** Opening RECORD EXTRACTS block **

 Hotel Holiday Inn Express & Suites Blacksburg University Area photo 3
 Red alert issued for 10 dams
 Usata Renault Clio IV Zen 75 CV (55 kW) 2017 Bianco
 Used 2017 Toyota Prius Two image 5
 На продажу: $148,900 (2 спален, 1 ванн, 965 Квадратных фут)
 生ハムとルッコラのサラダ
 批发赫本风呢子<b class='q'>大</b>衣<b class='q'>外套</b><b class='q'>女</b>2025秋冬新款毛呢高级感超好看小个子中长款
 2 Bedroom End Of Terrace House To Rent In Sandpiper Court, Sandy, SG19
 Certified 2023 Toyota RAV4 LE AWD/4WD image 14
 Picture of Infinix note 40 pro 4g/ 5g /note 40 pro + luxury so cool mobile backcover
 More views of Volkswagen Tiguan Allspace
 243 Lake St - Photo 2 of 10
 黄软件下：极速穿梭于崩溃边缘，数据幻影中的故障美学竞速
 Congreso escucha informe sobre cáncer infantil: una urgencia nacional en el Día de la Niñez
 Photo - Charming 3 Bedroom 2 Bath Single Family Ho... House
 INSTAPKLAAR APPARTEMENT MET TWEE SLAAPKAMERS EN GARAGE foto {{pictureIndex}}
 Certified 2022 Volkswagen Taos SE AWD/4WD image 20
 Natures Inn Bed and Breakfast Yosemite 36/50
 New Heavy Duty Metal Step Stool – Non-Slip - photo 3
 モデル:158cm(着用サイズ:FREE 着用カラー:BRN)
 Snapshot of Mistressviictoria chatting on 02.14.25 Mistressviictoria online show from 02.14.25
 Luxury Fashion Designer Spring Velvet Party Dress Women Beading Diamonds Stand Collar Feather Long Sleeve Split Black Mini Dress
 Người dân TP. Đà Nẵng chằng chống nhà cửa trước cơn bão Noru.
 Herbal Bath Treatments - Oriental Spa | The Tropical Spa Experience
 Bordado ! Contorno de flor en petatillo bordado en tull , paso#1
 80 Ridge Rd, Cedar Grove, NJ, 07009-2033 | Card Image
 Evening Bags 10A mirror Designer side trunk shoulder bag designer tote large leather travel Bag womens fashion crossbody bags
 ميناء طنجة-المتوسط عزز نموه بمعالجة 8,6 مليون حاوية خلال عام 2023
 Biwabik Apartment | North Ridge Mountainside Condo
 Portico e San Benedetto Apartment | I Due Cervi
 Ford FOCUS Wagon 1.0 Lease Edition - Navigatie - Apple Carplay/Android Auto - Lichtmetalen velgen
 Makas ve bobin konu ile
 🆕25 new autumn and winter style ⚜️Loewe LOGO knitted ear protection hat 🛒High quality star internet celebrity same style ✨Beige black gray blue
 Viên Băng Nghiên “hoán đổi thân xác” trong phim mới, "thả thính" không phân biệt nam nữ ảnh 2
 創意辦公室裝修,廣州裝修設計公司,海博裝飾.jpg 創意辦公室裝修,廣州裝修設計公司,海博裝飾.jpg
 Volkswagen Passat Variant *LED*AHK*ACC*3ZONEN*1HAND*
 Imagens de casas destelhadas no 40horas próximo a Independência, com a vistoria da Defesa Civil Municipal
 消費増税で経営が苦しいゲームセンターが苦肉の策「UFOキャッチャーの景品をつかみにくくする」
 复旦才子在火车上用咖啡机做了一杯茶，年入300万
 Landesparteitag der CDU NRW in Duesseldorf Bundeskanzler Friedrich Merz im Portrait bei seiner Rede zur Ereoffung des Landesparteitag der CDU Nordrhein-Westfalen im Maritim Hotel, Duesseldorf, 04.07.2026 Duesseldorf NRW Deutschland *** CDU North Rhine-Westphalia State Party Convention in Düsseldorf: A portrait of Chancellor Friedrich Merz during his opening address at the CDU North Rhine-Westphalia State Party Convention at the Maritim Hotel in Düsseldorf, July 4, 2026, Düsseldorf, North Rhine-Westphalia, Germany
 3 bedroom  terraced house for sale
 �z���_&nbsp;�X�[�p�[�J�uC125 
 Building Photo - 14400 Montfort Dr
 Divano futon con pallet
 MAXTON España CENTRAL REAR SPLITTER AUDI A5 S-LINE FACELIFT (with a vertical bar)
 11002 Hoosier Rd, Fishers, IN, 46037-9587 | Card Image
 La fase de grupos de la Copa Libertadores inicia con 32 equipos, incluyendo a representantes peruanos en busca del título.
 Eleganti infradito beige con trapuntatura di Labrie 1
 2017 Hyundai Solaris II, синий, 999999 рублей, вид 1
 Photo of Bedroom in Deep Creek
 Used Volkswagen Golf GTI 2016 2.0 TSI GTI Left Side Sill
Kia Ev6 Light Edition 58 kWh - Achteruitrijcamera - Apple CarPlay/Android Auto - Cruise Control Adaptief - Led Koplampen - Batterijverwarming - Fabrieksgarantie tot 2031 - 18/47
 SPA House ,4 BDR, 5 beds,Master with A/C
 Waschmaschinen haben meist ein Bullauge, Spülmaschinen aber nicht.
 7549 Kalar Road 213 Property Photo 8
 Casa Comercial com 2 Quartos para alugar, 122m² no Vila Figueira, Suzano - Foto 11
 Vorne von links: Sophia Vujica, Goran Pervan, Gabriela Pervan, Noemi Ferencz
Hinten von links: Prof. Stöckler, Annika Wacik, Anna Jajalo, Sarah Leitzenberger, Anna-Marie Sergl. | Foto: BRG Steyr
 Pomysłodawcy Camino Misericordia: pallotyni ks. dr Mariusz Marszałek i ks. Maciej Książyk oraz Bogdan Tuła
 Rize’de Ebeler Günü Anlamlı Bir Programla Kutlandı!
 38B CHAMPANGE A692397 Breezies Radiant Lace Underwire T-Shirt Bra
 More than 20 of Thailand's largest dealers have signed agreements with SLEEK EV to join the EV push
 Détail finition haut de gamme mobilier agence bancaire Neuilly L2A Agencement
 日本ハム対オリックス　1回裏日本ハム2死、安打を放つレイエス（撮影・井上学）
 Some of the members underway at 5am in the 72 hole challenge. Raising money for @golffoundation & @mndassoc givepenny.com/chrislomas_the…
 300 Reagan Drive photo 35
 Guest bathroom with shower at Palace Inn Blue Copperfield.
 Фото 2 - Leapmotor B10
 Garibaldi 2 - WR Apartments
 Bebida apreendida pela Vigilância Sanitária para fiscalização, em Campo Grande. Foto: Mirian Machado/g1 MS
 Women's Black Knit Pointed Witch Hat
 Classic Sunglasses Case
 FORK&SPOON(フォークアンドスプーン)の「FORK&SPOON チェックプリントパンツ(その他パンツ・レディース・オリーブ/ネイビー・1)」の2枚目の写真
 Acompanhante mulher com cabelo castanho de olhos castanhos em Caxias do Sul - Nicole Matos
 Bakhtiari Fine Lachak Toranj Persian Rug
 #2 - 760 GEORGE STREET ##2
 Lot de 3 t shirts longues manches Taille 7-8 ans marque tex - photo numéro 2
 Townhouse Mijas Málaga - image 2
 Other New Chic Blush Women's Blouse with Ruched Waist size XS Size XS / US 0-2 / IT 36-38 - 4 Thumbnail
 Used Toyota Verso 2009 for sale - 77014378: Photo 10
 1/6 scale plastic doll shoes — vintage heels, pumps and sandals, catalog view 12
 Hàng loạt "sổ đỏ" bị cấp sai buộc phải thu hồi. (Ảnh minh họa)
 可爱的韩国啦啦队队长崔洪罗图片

** Closing RECORD EXTRACTS block **

◆ YOUR GOAL:
Lines from the top of the data above through the line with "モデル:158cm(着用サイズ:FREE 着用カラー:BRN)", both ends included: copy them exactly, nothing more.

◆ EXERCISE ANSWER:
 Hotel Holiday Inn Express & Suites Blacksburg University Area photo 3
 Red alert issued for 10 dams
 Usata Renault Clio IV Zen 75 CV (55 kW) 2017 Bianco
 Used 2017 Toyota Prius Two image 5
 На продажу: $148,900 (2 спален, 1 ванн, 965 Квадратных фут)
 生ハムとルッコラのサラダ
 批发赫本风呢子<b class='q'>大</b>衣<b class='q'>外套</b><b class='q'>女</b>2025秋冬新款毛呢高级感超好看小个子中长款
 2 Bedroom End Of Terrace House To Rent In Sandpiper Court, Sandy, SG19
 Certified 2023 Toyota RAV4 LE AWD/4WD image 14
 Picture of Infinix note 40 pro 4g/ 5g /note 40 pro + luxury so cool mobile backcover
 More views of Volkswagen Tiguan Allspace
 243 Lake St - Photo 2 of 10
 黄软件下：极速穿梭于崩溃边缘，数据幻影中的故障美学竞速
 Congreso escucha informe sobre cáncer infantil: una urgencia nacional en el Día de la Niñez
 Photo - Charming 3 Bedroom 2 Bath Single Family Ho... House
 INSTAPKLAAR APPARTEMENT MET TWEE SLAAPKAMERS EN GARAGE foto {{pictureIndex}}
 Certified 2022 Volkswagen Taos SE AWD/4WD image 20
 Natures Inn Bed and Breakfast Yosemite 36/50
 New Heavy Duty Metal Step Stool – Non-Slip - photo 3
 モデル:158cm(着用サイズ:FREE 着用カラー:BRN)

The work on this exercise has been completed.